WHAT THE TASK REQUIRES
For the listing that follows, give again exactly the lines from the one with "Saucisse cuite de porc fumee bio" to the one with "Vintage Wave Natural", including both.

EXTRACTED RECORDS
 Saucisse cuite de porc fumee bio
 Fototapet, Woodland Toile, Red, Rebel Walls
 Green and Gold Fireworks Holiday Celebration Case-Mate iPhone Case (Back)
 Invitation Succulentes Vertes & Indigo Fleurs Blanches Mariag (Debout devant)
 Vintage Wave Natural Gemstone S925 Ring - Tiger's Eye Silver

...

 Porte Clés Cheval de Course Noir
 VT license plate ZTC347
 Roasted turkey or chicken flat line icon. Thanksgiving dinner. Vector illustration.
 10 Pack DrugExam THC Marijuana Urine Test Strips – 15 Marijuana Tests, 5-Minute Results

--

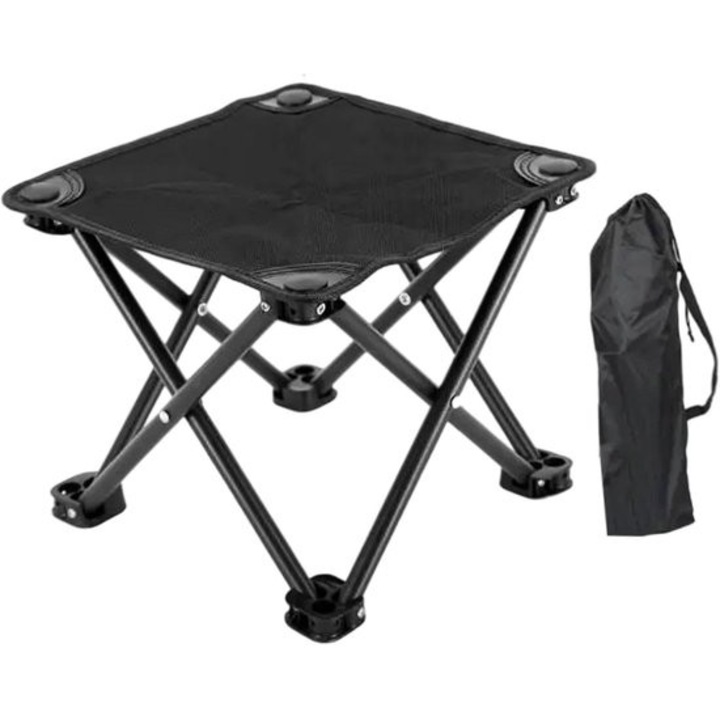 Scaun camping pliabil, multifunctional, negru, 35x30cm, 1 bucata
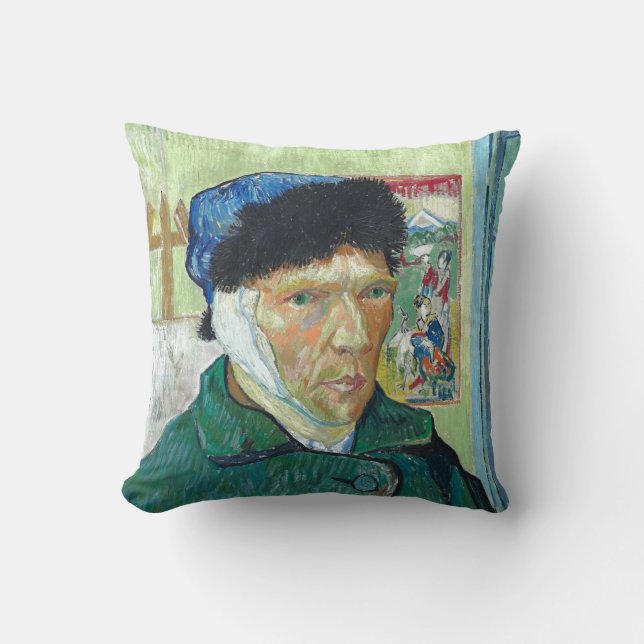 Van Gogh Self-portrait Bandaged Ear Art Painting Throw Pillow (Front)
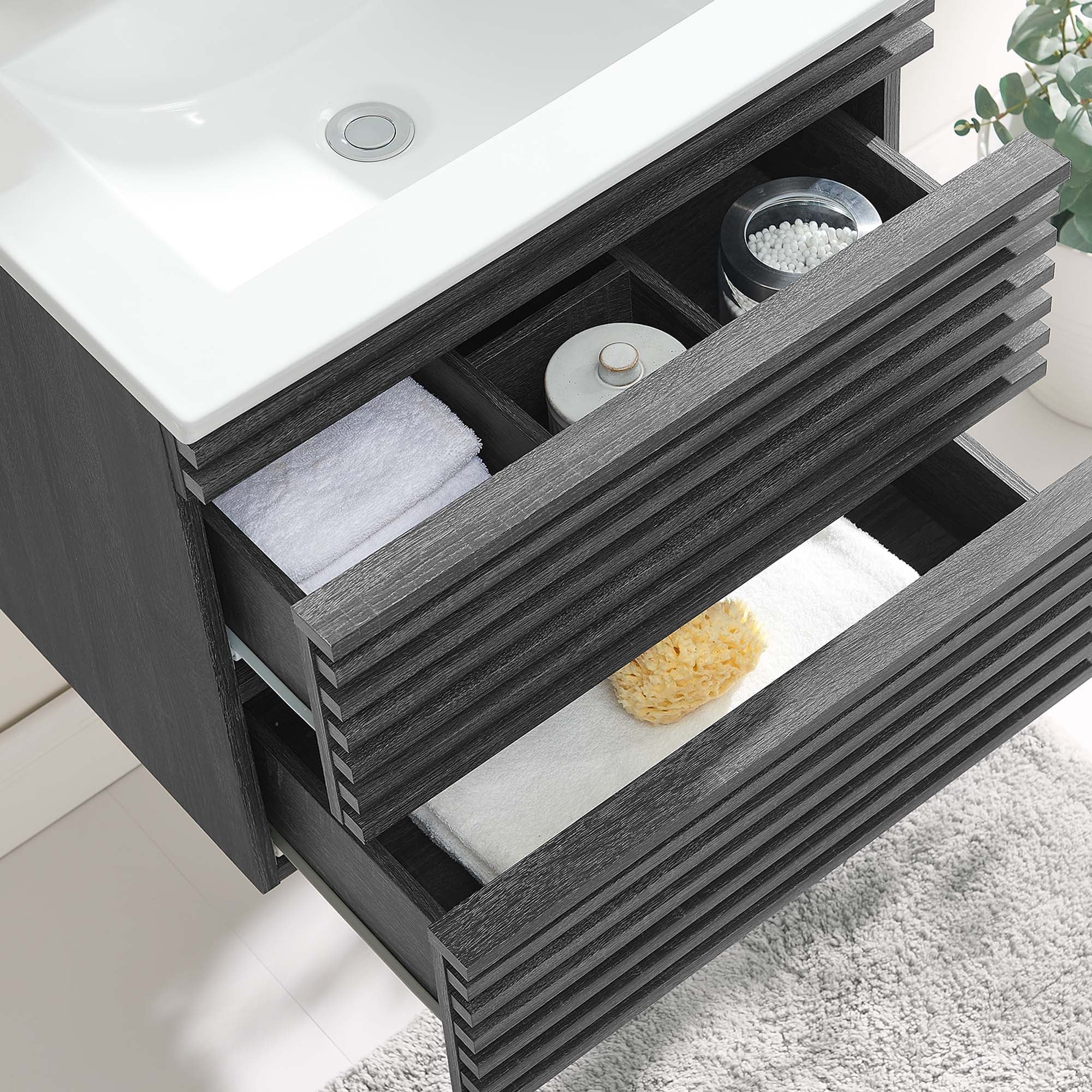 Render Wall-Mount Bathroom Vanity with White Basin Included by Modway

THE ANSWER
 Saucisse cuite de porc fumee bio
 Fototapet, Woodland Toile, Red, Rebel Walls
 Green and Gold Fireworks Holiday Celebration Case-Mate iPhone Case (Back)
 Invitation Succulentes Vertes & Indigo Fleurs Blanches Mariag (Debout devant)
 Vintage Wave Natural Gemstone S925 Ring - Tiger's Eye Silver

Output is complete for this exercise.